Oft sind Eingänge von Altbaubauten eher beiläufig gestaltet. Eine Sanierung bietet die Chance, eine repräsentative Halle (Foyer) zu schaffen. Im Chemieinstitut wird im zentralen Mittelflügel ein neues Foyer angeordnet, das durch eine neue Brücke über einen Senkgarten mit einer Terrasse verbunden ist. Dies schafft nicht nur eine bessere Orientierung, sondern auch einen architektonischen Höhepunkt.

Nachhaltigkeit und Ressourcenschonung

Ein modernes Sanierungsprojekt muss sich an den Prinzipien der Nachhaltigkeit messen lassen. Es geht nicht nur um den energieeffizienten Betrieb, sondern auch um die Art und Weise der Umsetzung.

Kreislaufwirtschaft auf der Baustelle

Besonders hervorzuheben ist der spezielle Fokus auf ressourcenschonende Maßnahmen. Stets muss geprüft werden, ob Bestandsmaterialien wiederverwendet werden können. Im genannten Projekt: * Wurden Bestandsestrich und -fliesen in Treppenhäusern und im Außenbereich soweit wie möglich erhalten. * Wurde Holz aus zurückgebauten Fensterprofilen als Wandbelag oder für Möbel (Bänke, Tische im Foyer) wiederverwendet. * Wurde die vorhandene Bestuhlung des Hörsaals und die Hörsaaltafel professionell aufgearbeitet und wieder eingebaut.

Solche Maßnahmen senken nicht nur die Kosten für Neumaterialien, sondern reduzieren auch den Abfallaufkommen und den CO2-Fußabdruck der Baustelle.

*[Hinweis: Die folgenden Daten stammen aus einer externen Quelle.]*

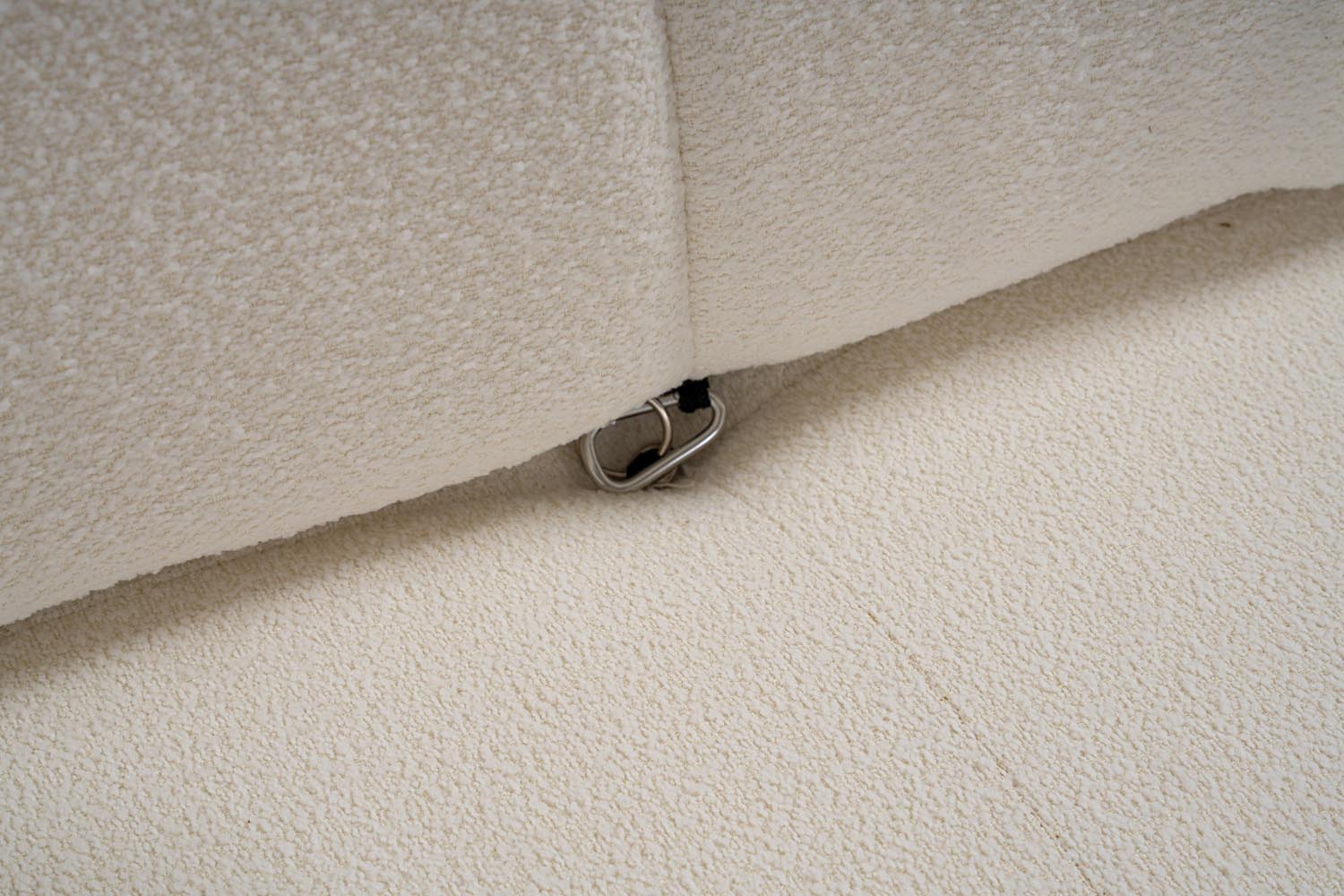 Erleben Sie das elegante Bubble Beige L1 Ecksofa in Weiß von Atelier Del Sofa – ein stilvolles Möbelstück, das Komfort und modernes Design vereint.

Technikzentralen und Infrastruktur

Ein oft übersehener Aspekt ist die Unterbringung der Technik. In vielen alten Gebäuden sind Technikräume unzureichend oder verstreut. Durch den Rückbau von Hausmeisterwohnungen entsteht neuer Raum für eine zentrale Technikzentrale. Zudem werden neue Technikzentralen auf dem Bestandsdach angeordnet. Diese zentrale Konzentration der Haustechnik (Heizung, Klima, Strom) verbessert die Wartung und ermöglicht oft eine effizientere Energienutzung.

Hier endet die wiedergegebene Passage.